Task directions
Output exactly the lines below from the one containing "TOYOTA Yaris 12" to the last line, both included. Omit pictures.

Information shown
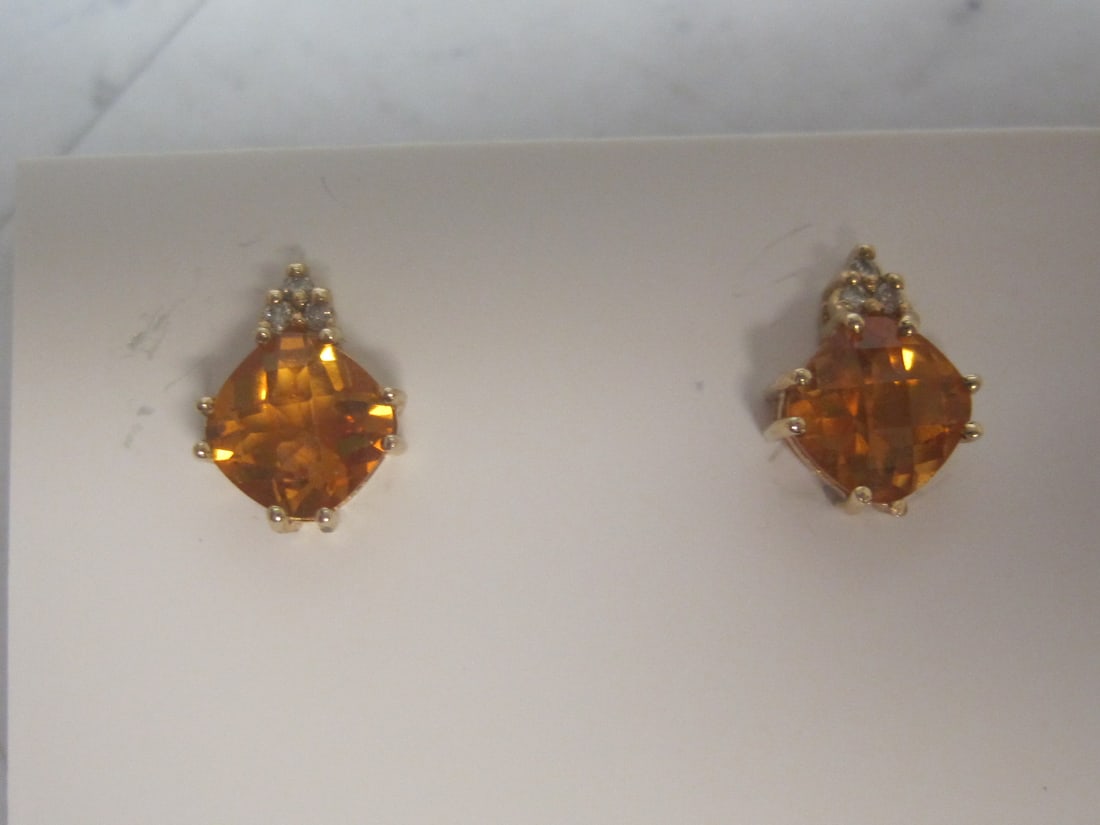 14k Gold Citrine and Diamond Pierced Earrings: Weighs 2.1 grams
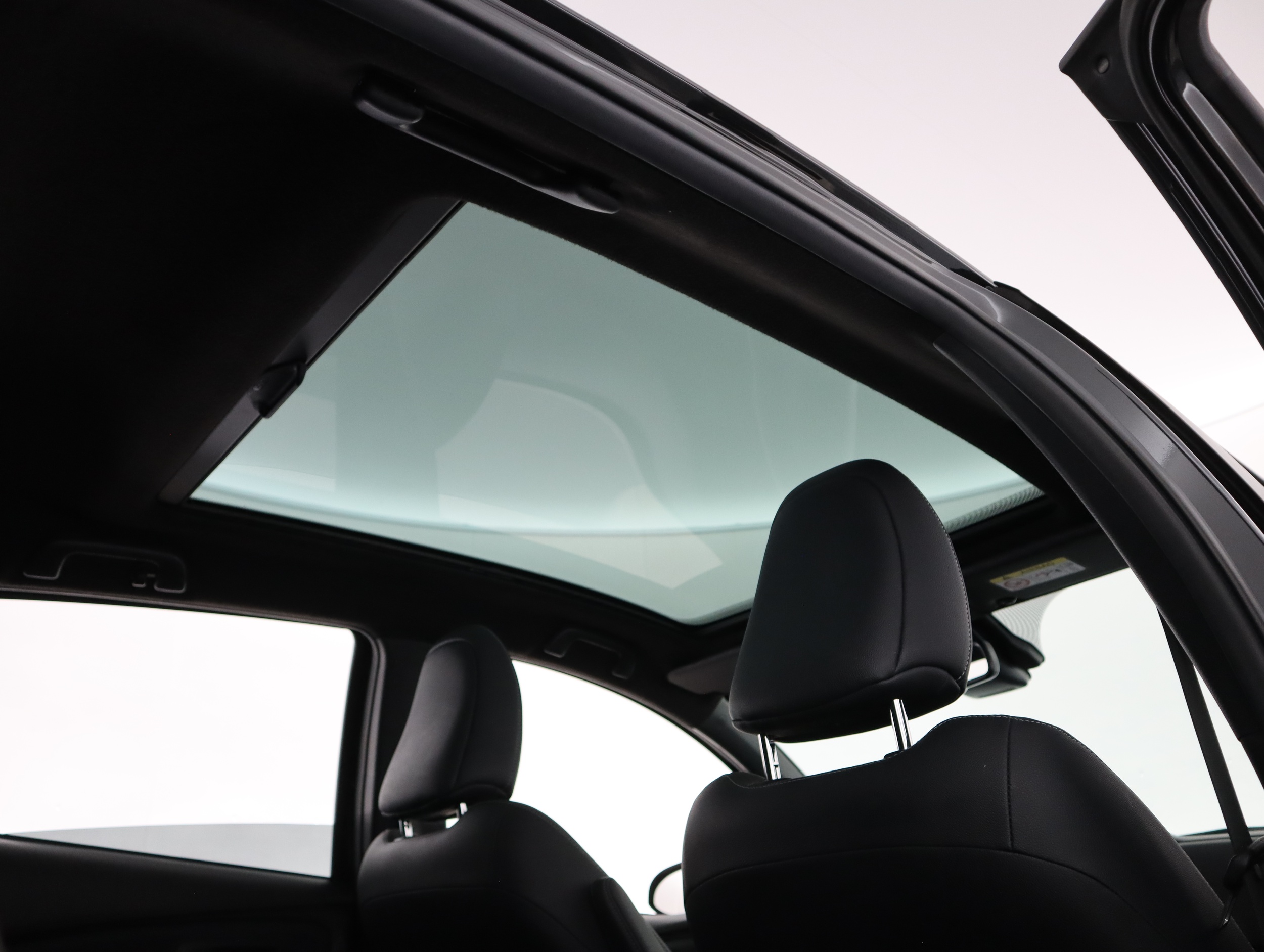 TOYOTA Yaris 12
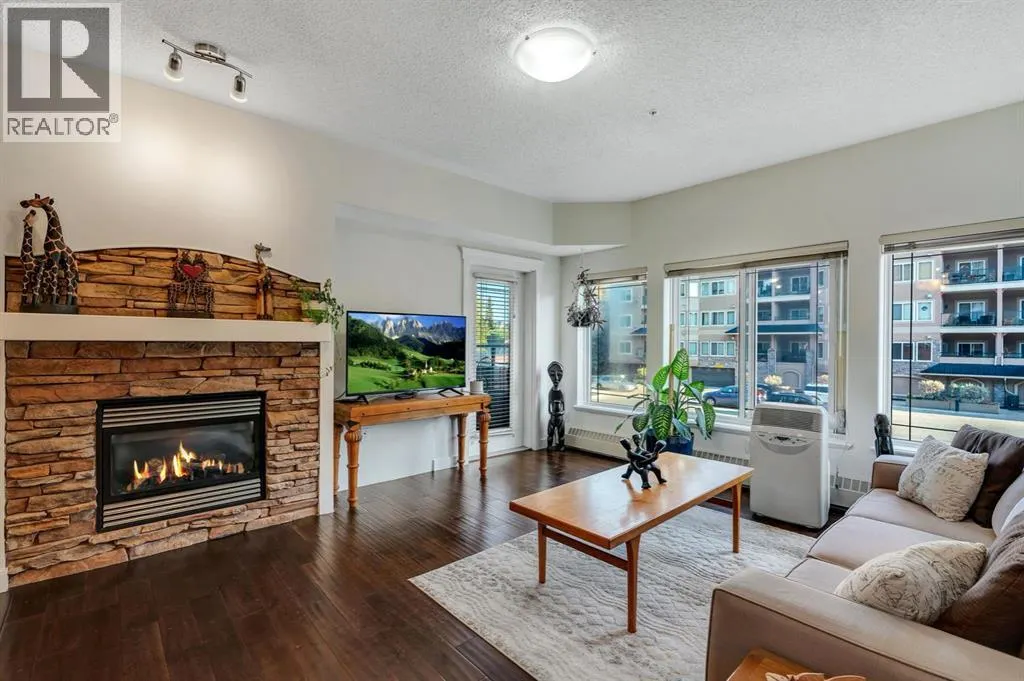 202, 10 Discovery Ridge Close SW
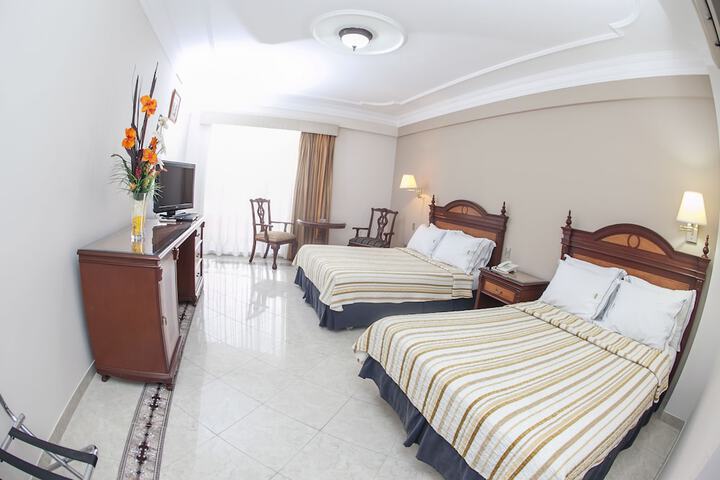Room 3 of 37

Result below
 TOYOTA Yaris 12
 202, 10 Discovery Ridge Close SW
Room 3 of 37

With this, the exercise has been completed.